• _Exercise objective_:
Look for the line that has "Flat Nose Pliers" in the material below; please repeat it and every line after it, exactly, up to and including the line that has "Magnifico terreno industrial", and nothing else.

• _Supplied records_:
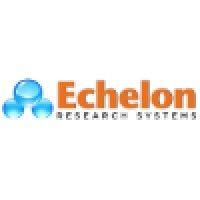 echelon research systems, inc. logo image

--

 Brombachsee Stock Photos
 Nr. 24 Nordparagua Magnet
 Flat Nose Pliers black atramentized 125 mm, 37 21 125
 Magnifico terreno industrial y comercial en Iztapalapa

...

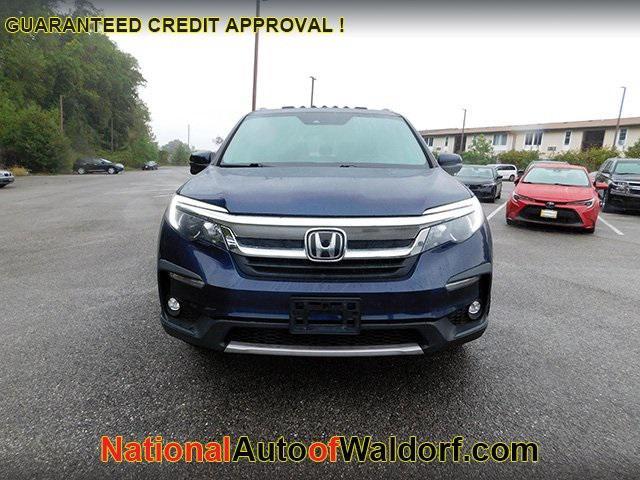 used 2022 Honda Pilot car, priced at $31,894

• _Written response_:
 Flat Nose Pliers black atramentized 125 mm, 37 21 125
 Magnifico terreno industrial y comercial en Iztapalapa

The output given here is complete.